Warum Österreich dringend eine Föderalismusreform braucht

Ich bekomme regelmäßig viele Mails aus der Bevölkerung, in denen mir Ideen, Überlegungen, aber auch Kritik und manchmal klare Ablehnung unserer grünen Vorschläge mitgeteilt werden. Im Normalfall beantworte ich diese Mails immer persönlich – nur in jenen Fällen, in denen sich die Absender:innen im Ton vergreifen oder ins Haltlose abdriften, erspare ich mir meistens eine Antwort.

Gestern habe ich wieder ein sehr spannendes Mail zu meinem Vorschlag erhalten, dass es weniger Föderalismus in Österreich geben sollte. Der Absender ging davon aus, dass wir in Österreich keinen echten Föderalismus hätten und dass der angeblich vorhandene Zentralismus dafür sorgt, dass wir in zentralen Fragen schlecht dastehen. Diese Behauptung hat mich dazu veranlasst, genauer auf das Thema einzugehen und einige Missverständnisse klarzustellen.

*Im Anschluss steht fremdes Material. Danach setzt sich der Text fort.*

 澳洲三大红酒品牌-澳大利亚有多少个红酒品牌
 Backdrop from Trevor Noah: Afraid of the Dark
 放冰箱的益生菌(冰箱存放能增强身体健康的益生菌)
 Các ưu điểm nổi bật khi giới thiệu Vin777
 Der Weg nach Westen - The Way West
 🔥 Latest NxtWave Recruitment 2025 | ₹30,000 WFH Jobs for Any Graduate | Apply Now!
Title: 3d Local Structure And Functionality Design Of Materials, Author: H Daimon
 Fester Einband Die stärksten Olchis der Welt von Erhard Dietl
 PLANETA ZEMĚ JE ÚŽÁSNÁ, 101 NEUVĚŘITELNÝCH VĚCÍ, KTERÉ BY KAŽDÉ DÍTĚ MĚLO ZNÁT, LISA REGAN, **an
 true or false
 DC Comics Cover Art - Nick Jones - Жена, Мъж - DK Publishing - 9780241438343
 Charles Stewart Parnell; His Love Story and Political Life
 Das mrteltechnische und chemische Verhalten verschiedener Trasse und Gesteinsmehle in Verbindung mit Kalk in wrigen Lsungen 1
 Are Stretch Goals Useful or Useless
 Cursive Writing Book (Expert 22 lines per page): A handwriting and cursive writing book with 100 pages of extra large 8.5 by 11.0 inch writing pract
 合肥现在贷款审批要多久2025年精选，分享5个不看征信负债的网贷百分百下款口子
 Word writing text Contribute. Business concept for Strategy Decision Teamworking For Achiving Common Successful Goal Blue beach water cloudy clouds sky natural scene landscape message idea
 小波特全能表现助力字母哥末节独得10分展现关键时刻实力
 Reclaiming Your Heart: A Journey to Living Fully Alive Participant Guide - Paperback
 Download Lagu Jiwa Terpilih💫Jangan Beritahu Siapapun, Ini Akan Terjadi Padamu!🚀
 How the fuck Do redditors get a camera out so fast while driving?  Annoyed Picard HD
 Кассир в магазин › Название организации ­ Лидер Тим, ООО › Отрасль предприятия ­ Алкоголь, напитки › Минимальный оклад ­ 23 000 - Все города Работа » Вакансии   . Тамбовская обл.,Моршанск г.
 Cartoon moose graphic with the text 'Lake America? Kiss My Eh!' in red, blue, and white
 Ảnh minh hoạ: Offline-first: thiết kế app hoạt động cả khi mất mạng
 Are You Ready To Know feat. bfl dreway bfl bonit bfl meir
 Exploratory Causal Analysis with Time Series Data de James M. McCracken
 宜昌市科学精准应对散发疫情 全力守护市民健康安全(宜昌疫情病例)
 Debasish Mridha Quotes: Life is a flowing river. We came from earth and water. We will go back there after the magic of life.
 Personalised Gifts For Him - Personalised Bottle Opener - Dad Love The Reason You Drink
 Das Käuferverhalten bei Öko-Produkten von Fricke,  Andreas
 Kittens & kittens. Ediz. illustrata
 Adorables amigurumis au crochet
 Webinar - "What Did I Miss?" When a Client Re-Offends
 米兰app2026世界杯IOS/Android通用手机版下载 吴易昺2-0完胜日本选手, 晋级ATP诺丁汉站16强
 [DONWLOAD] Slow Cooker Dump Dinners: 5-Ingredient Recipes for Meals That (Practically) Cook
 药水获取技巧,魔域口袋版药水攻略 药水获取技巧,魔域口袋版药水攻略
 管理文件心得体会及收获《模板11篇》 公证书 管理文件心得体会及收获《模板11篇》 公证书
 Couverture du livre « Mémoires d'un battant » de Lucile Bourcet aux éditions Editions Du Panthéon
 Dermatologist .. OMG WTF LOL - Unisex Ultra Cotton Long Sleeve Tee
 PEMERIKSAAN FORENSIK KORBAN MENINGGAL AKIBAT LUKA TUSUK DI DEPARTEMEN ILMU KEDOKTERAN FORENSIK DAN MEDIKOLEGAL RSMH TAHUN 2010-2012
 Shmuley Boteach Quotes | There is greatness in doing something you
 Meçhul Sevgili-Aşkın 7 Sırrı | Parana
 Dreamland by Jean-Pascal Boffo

Ist Österreich überhaupt ein föderaler Staat? Die Behauptung, dass Österreich kein föderaler Staat sei, ist falsch. Punkt. Österreich ist laut Verfassung ein föderaler Bundesstaat mit neun Bundesländern, die über weitreichende Kompetenzen verfügen – insbesondere im Bereich der Daseinsvorsorge. Dass der Bund den Großteil der Steuern und Abgaben einhebt, bedeutet nicht, dass die Länder keine Verantwortung tragen oder keine eigenständigen Entscheidungen treffen können. Im Gegenteil: Die Länder haben in vielen Bereichen eine zentrale Rolle und nutzen ihre Autonomie oft auf eine Weise, die wenig zur Effizienz oder Einheitlichkeit beiträgt.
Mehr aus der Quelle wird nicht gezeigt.